By Richard Black Environment correspondent, BBC News website |
Some Republicans wanted to expand oil drilling to meet US energy needs |
US President-elect Barack Obama has pledged to "engage vigorously" on climate change, ahead of next month's UN summit on the issue.
Mr Obama will not be at the talks in Poland but said the US would "help lead the world" once he has taken office.
His comments came in a video message to a gathering of US state governors.
Next month's summit is a staging post in a two-year process aimed at securing a new climate treaty when current Kyoto Protocol targets expire in 2012.

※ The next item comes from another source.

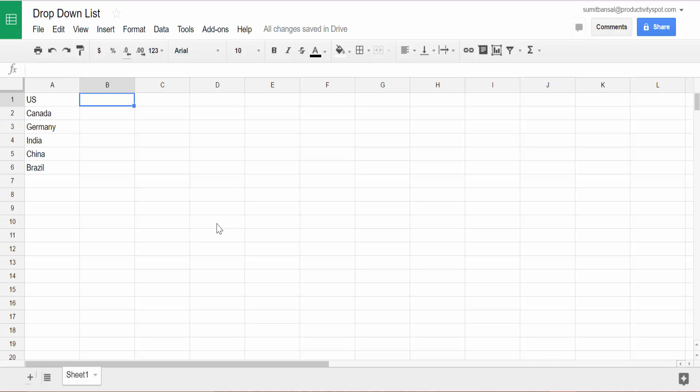Hello and welcome to the video by ProductivitySpot. I'm Sumit Bansal and in this video, I will show you how to quickly create drop-down lists in Google Sheets.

Mr Obama will not be attending the UN Framework Convention on Climate Change (UNFCCC) talks, he explained, because "the United States has only one president at a time".
But, he continued: "Once I take office, you can be sure that the United States will once again engage vigorously in these negotiations, and help lead the world toward a new era of global co-operation on climate change."
The decision by White House incumbent George W Bush in 2001 to withdraw from the Kyoto Protocol is widely seen as the principal reason why the treaty came into force later than planned and with a much weaker impact on greenhouse gas emissions than its architects had envisaged.
Earlier this week the UNFCCC reported that greenhouse gas emissions from developed nations rose by 2.3% between 2000 and 2006.
Governing force
Mr Obama's video message was played at the opening of the Governors' Global Climate Summit, a session called and hosted by California's Governor Arnold Schwarzenegger.
On the eve of the meeting, Mr Schwarzenegger announced plans to have his state generate one-third of its electricity by 2020 from renewable sources.
Climate and energy security are interlinked issues for the US |
If replicated nationwide, that would take the US some way towards the national target Mr Obama espoused during his election campaign, of reducing greenhouse gas emissions by 80% by 2050.
Alongside his pledge to re-engage with the UN process, the president-elect also promised during his campaign to establish "a Global Energy Forum of the world's largest emitters".
The parallel fora established under Mr Bush's presidency - the Asia-Pacific Partnership on Clean Development and Climate and the Major Economies (or Big Emitters) group - were seen as diversions from the UN process, and it is not yet clear how Mr Obama sees the relationship between the UNFCCC and his proposed new body.
Although he will not be at the UN summit next month in Poznan, the president-elect said he would ask members of Congress to "report back".
Outside the US, his leadership is widely seen as crucial to achieving a significant treaty. But timescales are clearly an issue.
The "roadmap" leading from last year's UN summit in Bali is supposed to conclude with the signing of a new global treaty at the end of 2009.
As Mr Obama's team may not be in place for several months, and would then have to agree a joint US position with Congress, the 2009 target looks difficult.
The EU has floated the possibility of holding an interim UN summit, perhaps in the middle of next year, at which the Obama presidency could play a full role.